Usage based billing sucks. I never really had to worry too much about it before, but ever since we got Netflix and have been purchasing music, games and movies legitimately via the interwebs, I have a hard time sticking to my 175GB, especially since we're three fairly heavy users (well, 2+1 light user) at the homestead.
Paying $1.25/GB is not my idea of fair, especially when it costs pennies to get that data to my house. It's bad enough that my cell phone bill is ridiculous, but generally speaking, if you're going to put a data pipe to my house, I want to be able to suck down as much data as I possibly can.
The thing that really irks me about this whole thing though, is the fact that our internet service providers (rogers, bell) are content generators as well. They both own television networks and specialty channels, and their interest in charging per-GB (with ridiculously low caps, I'm looking at you Bell) is purely to protect their content channels.

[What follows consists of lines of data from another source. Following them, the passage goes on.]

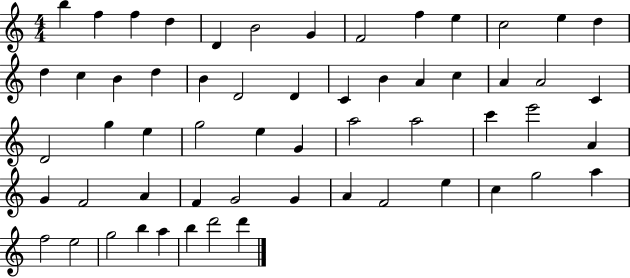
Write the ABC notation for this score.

X:1
T:Untitled
M:4/4
L:1/4
K:C
b f f d D B2 G F2 f e c2 e d d c B d B D2 D C B A c A A2 C D2 g e g2 e G a2 a2 c' e'2 A G F2 A F G2 G A F2 e c g2 a f2 e2 g2 b a b d'2 d'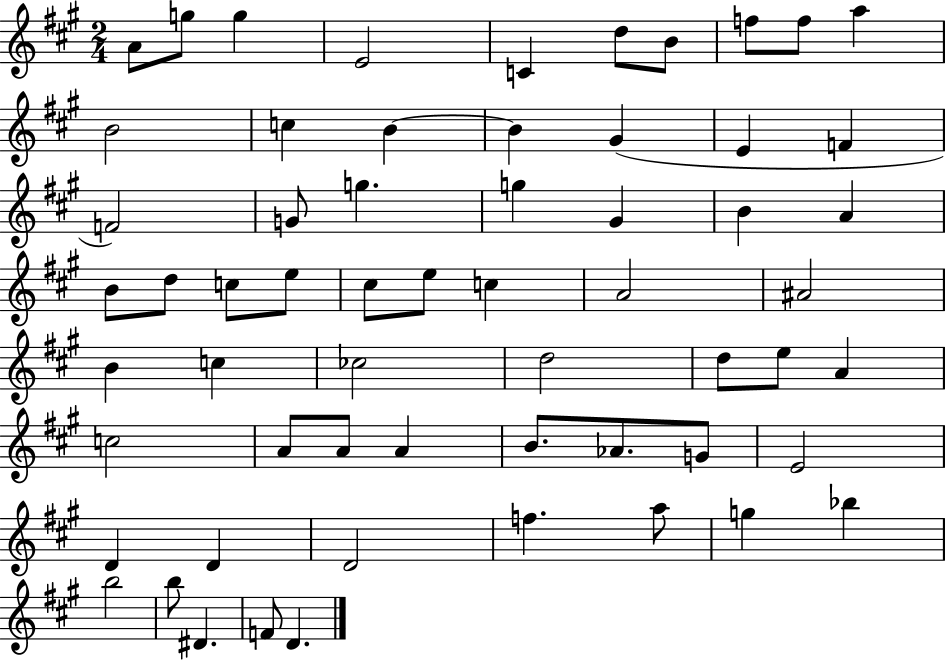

So the solution, if I were on the CRTC/Competition Bureau, would be pretty simple: Cleave the business units, and make the service providers seperate from the content providers. Make the ISPs essential public utilities. Regulate the minimum data that everyone is entitled to in a plan (say, 150GB), and then limit the per-GB cost to something reasonable, like, $0.10/GB (still about 2-5 times the cost, depending on who you believe), to a limit like, $25. Easy peasy.
The margins would still be very attractive, and as a heavy user, I'm happy to pay a little extra for the extra data, but I'm not willing to bend over and be charged the ridiculous rates the telecoms are charging for the privilege of using their networks.
Did anyone else find it really weird that Rogers chopped all their data caps on all teirs shortly before Netflix became available? Yeah. There's the root of your problem right now.
Get the ISPs out of content and make them focus exclusively on providing a utility service to customers.